Su página ganó tanta fama que personas de todo el mundo empezaron a enviarle mensajes, e incluso agencias que se dedican a comprar potenciales videos virales intentaron contactarse con ella. Al poco tiempo firmó contrato con Storyful y Newsflare, quienes luego vendieron sus filmaciones a las versiones digitales del Huffington Post y del Daily Mail.
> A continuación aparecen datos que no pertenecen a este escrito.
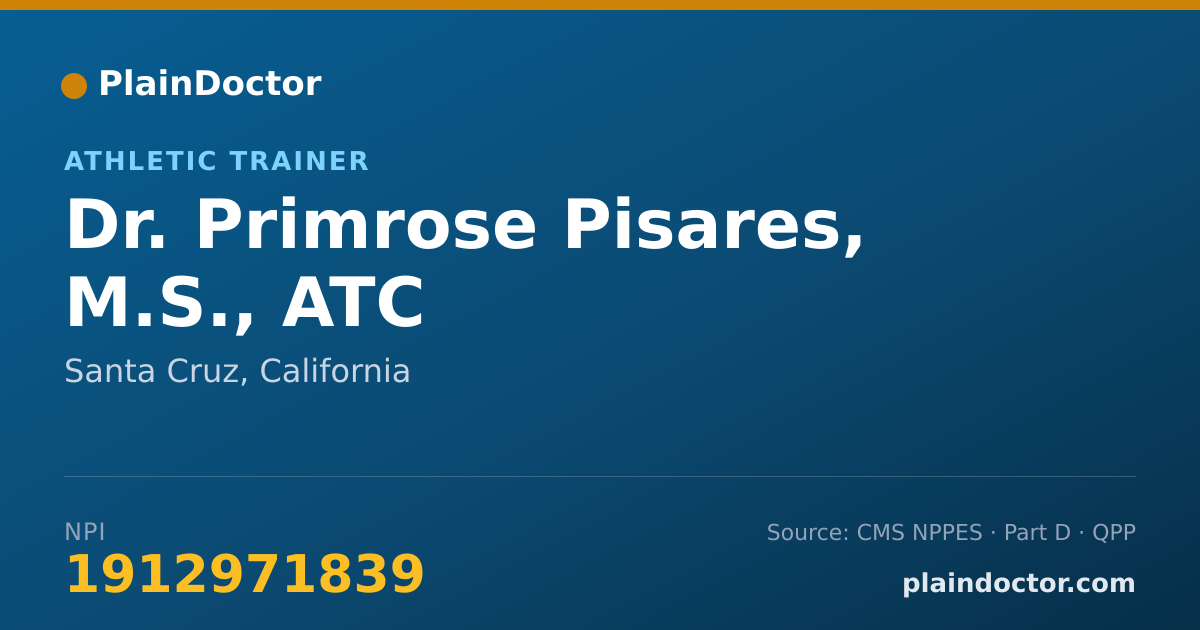 Shareable card for Primrose Pisares, M.S., ATC - Athletic Trainer, Santa Cruz, CA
Ravioli incluso llegó a RightThisMinute, un programa estadounidense que muestra los mejores virales del momento.

 

 

 

 

El objetivo de Agustina es cambiar la imagen desagradable que tiene la gente sobre las cucarachas y aprovechar para derribar varios mitos. “Uno de los más comunes es que las cucarachas son sucias y esto no es así: se viven limpiando y acicalando sus antenas y patas. De hecho, después de que las toco, pasan varios minutos limpiándose. Tampoco son plaga ni transmiten enfermedades. Solo lo hace el 0,5% de las casi 5 mil especies conocidas hasta ahora. La mayoría vive en bosques, desiertos o cuevas. Es ridículo condenar y dar una mala reputación a todo un orden de insectos porque dentro de él haya unas pocas especies que pueden llegar a ser nocivas para el humano", concluyó.